(ACTIVITY):
Copy out the data exactly as it appears, without a single image.

Stored data
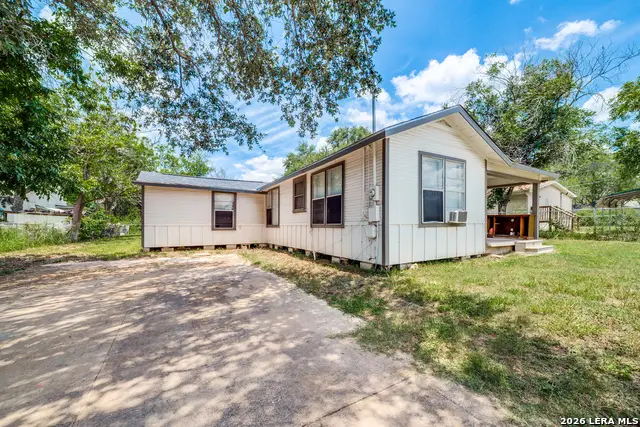 1129 Plum St, Floresville, TX 78114 - #2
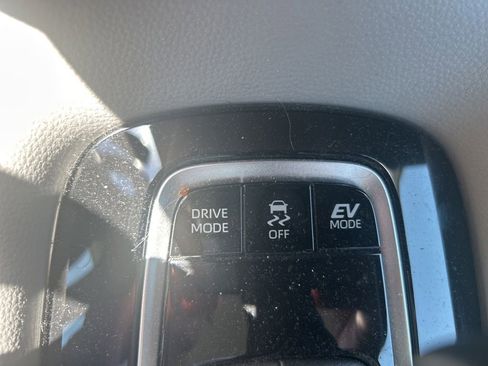 Used 2025 Toyota Corolla LE FWD image 8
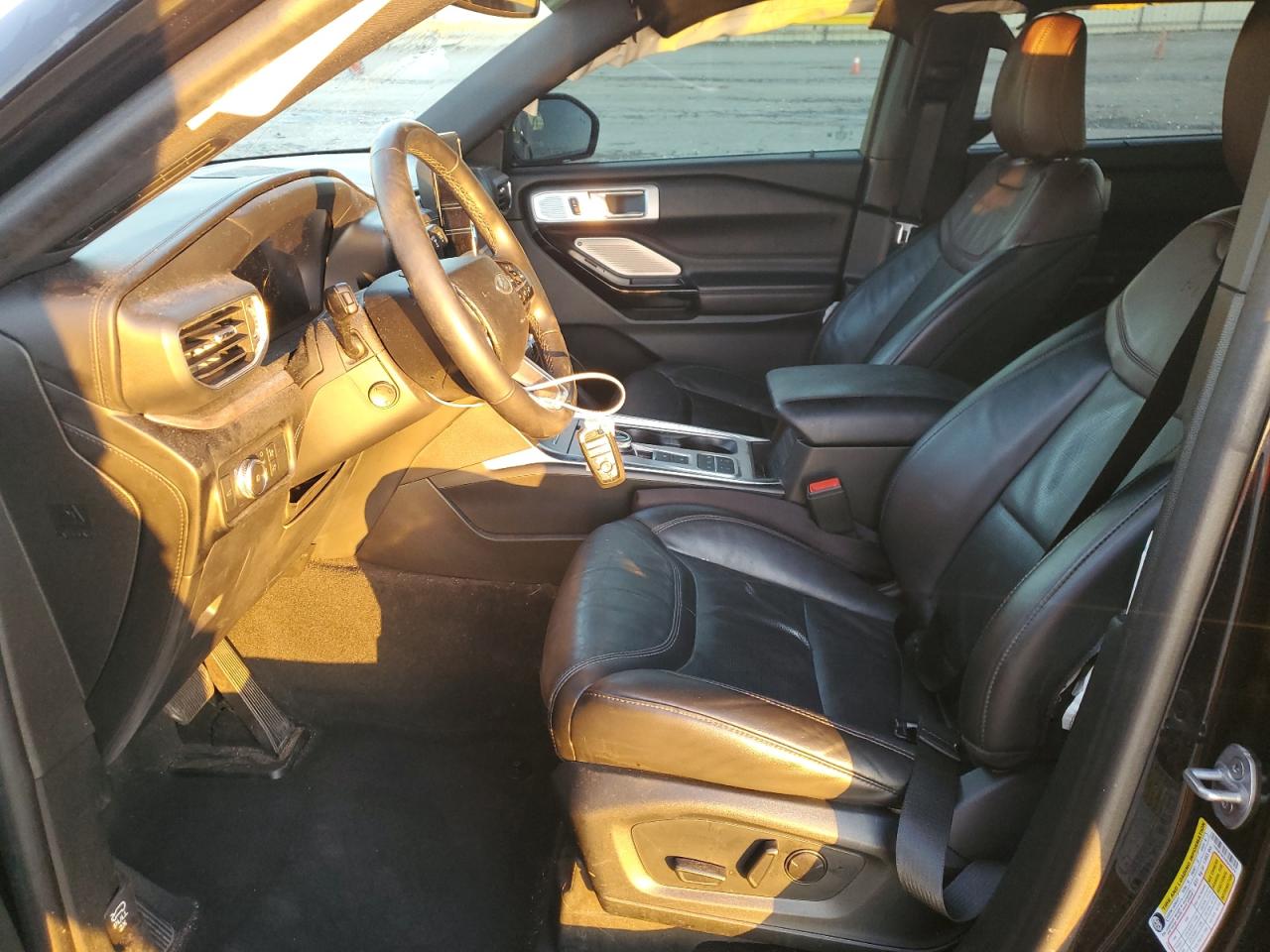 FORD EXPLORER PLATINUM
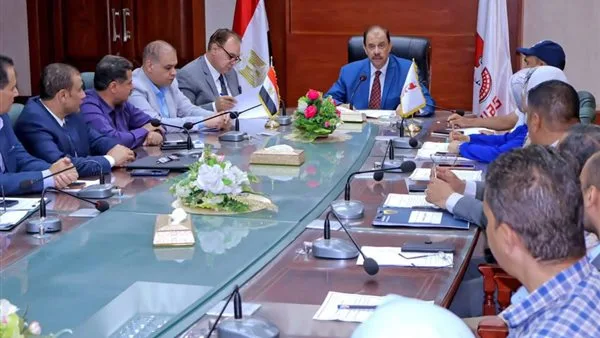 محافظ سوهاج يعقد اجتماعًا لوضع استراتيجيات لتشغيل الأسواق الحضرية الجديدة واستغلالها بكفاءة محافظ سوهاج يعقد اجتماعًا لوضع استراتيجيات لتشغيل الأسواق الحضرية الجديدة واستغلالها بكفاءة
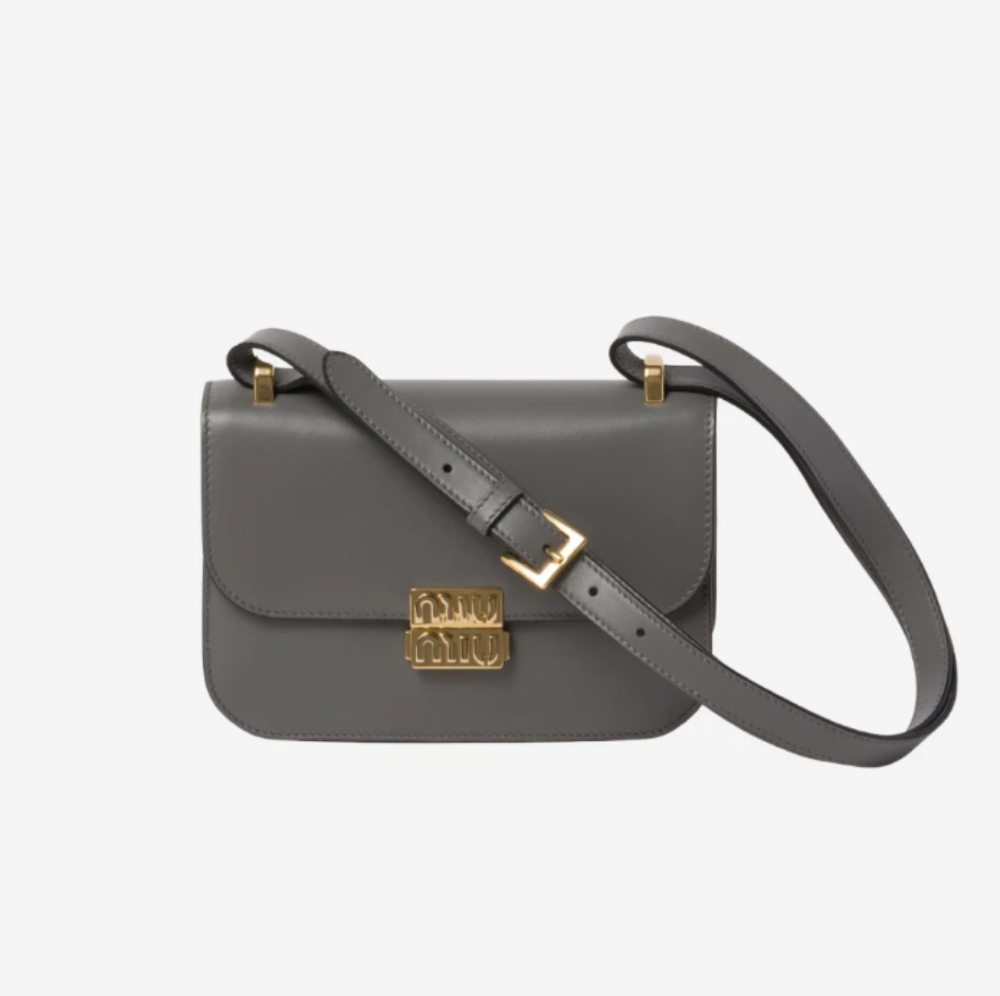 미우미우 가죽 메탈로고 버클 숄더백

(ANSWER BELOW):
 1129 Plum St, Floresville, TX 78114 - #2
 Used 2025 Toyota Corolla LE FWD image 8
 FORD EXPLORER PLATINUM
 محافظ سوهاج يعقد اجتماعًا لوضع استراتيجيات لتشغيل الأسواق الحضرية الجديدة واستغلالها بكفاءة محافظ سوهاج يعقد اجتماعًا لوضع استراتيجيات لتشغيل الأسواق الحضرية الجديدة واستغلالها بكفاءة
 미우미우 가죽 메탈로고 버클 숄더백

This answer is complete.